When I was younger, no guy would’ve treated me this way.

“Yes. Yes, I have a boyfriend.” I don’t swallow. I’m normally a good liar. Someone asks how I’m doing and I pull on my hunky-dory mask. Another mentions my dad in the federal penitentiary and I act as though it doesn’t bother me. My real feelings are buried deep, a grave of emotions. No visitors allowed.

His eyebrows inch up a fraction. “I see. Well, okay. Just curious.” He rises from the chair and reaches across with his right hand. For a second, I wonder if he’s going to grab me and kiss me.

He gently rotates the book, placing it right-side up in my hands. “Easier to read this way,” he says with a smirk.

And then he walks away and out the front door.

“Damn,” I mutter under my breath. I jump to my feet, wishing I had a punching bag or one of those voodoo dolls. Who does he think he is? I roll my eyes so hard I risk going cross-eyed. I stand a little straighter and get myself a cup of coffee, settle down—with my book in the right direction—and study for my test.

 

 

As far as quizzes go, it could’ve been worse. It could’ve been written in Latin, or Chinese, or Braille. At least in English, I was able to make a weak guess on the multiple-choice questions.

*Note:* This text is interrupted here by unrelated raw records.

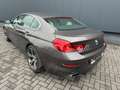 BMW 650 6-serie Gran Coupé 650xi High Executive facelift 4 Brun - thumbnail 3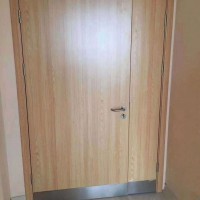 工地木質(zhì)防火，木質(zhì)防火門，河北防火門,生產(chǎn)防火門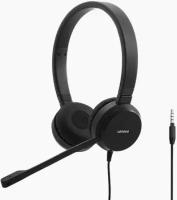 Lenovo Pro Wired Stereo VOIP Headset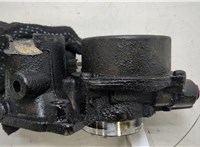  Насос вакуумный Ford Transit 2006-2014 20469212 #3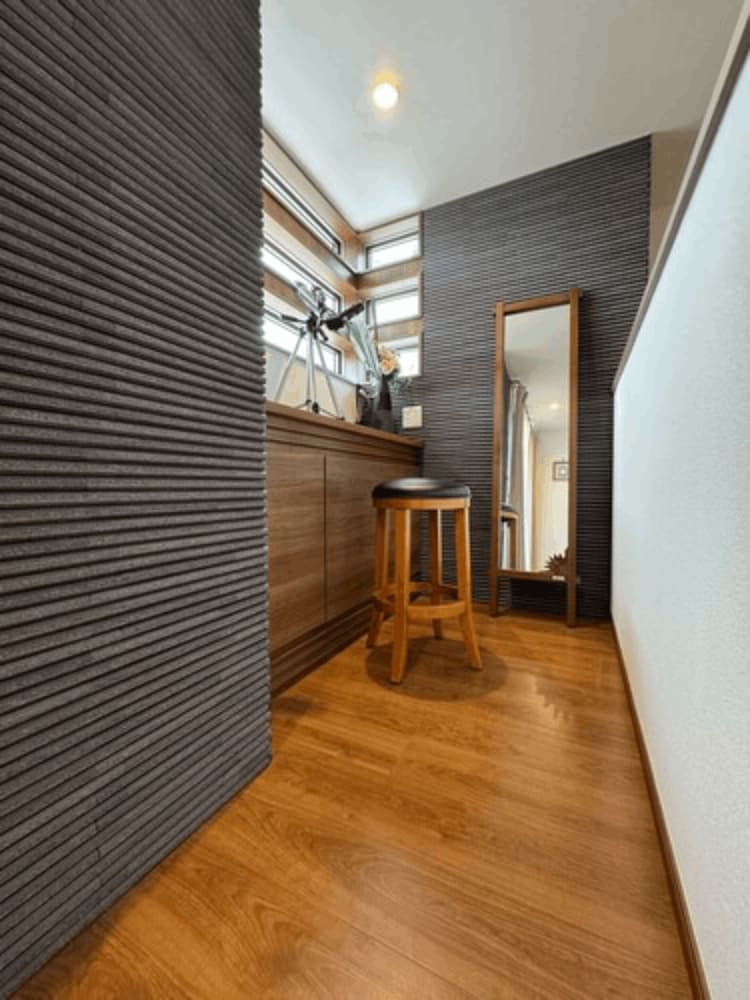 E-HORIZON RESORT 名護 那覇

I exit the business building and make a wide pass around the guy giving me the once-over. Men are such douchebags. My unhappy expression—the don’t-even-approach-me-buddy face—can in no way invite any kind of interest, yet this jock thinks it’s a possibility. I want to stop and give him a lesson that having breasts does not qualify me as interested.

Due to my last minute sprint to available parking, I’m winded by the time I reach the lot reserved for off-campus students. I tug my sweater closed. Leaves swirl from the trees, falling quickly after the latest drop in temperatures.

I search among the cars for my pale blue Toyota. A dependable car. Boring. Inexpensive. Nothing like the car my dad gave me on my sixteenth birthday—a red Ferrari as flashy as my family.

I’m better off the way things are now. People either like me for who I am or I have no use for them. Money lies. It tells you you’re pretty and desirable and invincible.